START RECORDS
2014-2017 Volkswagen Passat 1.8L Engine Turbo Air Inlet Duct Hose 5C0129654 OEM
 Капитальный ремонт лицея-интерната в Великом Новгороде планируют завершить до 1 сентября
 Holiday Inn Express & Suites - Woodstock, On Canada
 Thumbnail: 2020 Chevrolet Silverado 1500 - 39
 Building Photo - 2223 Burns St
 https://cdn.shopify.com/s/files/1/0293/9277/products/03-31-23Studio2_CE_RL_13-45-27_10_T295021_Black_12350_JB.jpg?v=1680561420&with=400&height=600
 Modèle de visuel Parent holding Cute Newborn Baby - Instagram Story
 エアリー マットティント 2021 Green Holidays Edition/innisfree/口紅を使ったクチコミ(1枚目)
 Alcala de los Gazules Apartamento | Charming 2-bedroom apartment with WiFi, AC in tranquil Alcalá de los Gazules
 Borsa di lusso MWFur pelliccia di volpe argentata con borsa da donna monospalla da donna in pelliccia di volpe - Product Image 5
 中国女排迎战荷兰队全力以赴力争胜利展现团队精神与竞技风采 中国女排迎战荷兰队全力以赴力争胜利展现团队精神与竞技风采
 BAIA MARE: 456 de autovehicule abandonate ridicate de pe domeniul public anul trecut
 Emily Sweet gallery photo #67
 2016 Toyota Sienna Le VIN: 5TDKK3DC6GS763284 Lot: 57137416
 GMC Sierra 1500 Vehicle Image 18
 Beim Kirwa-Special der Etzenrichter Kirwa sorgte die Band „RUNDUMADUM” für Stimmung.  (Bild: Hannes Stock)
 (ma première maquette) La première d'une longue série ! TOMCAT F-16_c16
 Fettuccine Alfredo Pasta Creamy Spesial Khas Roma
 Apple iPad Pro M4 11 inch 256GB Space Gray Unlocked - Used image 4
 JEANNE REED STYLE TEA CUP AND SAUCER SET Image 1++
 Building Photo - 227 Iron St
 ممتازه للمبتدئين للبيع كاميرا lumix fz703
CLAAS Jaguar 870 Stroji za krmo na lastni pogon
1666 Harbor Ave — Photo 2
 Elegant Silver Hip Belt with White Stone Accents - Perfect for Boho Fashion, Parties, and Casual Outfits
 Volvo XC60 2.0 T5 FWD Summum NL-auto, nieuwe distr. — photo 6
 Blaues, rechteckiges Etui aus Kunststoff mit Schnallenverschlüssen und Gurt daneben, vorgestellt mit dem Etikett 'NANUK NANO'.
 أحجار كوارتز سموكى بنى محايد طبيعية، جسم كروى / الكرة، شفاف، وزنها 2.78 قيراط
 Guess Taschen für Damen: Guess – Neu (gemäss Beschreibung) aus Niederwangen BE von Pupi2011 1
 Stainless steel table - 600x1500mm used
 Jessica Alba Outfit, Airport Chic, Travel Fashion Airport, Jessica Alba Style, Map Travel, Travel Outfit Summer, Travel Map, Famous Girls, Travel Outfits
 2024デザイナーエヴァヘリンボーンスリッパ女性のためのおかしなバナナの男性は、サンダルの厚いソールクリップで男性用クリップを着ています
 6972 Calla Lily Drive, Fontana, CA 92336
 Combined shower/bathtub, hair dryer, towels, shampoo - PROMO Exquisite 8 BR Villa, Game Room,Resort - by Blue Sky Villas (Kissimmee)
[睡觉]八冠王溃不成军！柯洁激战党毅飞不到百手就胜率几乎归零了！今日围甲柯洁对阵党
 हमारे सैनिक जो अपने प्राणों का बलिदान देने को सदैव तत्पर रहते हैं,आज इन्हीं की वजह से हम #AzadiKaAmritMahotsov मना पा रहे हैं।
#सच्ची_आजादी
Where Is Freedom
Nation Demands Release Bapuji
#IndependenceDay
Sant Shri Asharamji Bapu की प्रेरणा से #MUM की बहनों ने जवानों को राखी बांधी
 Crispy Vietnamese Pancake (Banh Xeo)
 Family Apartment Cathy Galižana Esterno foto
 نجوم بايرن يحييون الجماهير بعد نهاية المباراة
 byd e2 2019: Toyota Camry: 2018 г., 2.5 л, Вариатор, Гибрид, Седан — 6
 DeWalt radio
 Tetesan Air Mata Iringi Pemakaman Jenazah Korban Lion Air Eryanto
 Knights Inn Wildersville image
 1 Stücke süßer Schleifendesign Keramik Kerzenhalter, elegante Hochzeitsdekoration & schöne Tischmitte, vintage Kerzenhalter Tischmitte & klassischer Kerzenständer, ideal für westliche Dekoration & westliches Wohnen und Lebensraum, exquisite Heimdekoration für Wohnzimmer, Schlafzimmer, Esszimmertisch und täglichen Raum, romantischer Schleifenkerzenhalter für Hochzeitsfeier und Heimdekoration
END RECORDS
Going back over the entries above, copy word for word every line from the one that has "2024デザイナーエヴァヘリ" on through the one that has "Knights Inn Wildersville image".

- _RESPONSE BOX_:
 2024デザイナーエヴァヘリンボーンスリッパ女性のためのおかしなバナナの男性は、サンダルの厚いソールクリップで男性用クリップを着ています
 6972 Calla Lily Drive, Fontana, CA 92336
 Combined shower/bathtub, hair dryer, towels, shampoo - PROMO Exquisite 8 BR Villa, Game Room,Resort - by Blue Sky Villas (Kissimmee)
[睡觉]八冠王溃不成军！柯洁激战党毅飞不到百手就胜率几乎归零了！今日围甲柯洁对阵党
 हमारे सैनिक जो अपने प्राणों का बलिदान देने को सदैव तत्पर रहते हैं,आज इन्हीं की वजह से हम #AzadiKaAmritMahotsov मना पा रहे हैं।
#सच्ची_आजादी
Where Is Freedom
Nation Demands Release Bapuji
#IndependenceDay
Sant Shri Asharamji Bapu की प्रेरणा से #MUM की बहनों ने जवानों को राखी बांधी
 Crispy Vietnamese Pancake (Banh Xeo)
 Family Apartment Cathy Galižana Esterno foto
 نجوم بايرن يحييون الجماهير بعد نهاية المباراة
 byd e2 2019: Toyota Camry: 2018 г., 2.5 л, Вариатор, Гибрид, Седан — 6
 DeWalt radio
 Tetesan Air Mata Iringi Pemakaman Jenazah Korban Lion Air Eryanto
 Knights Inn Wildersville image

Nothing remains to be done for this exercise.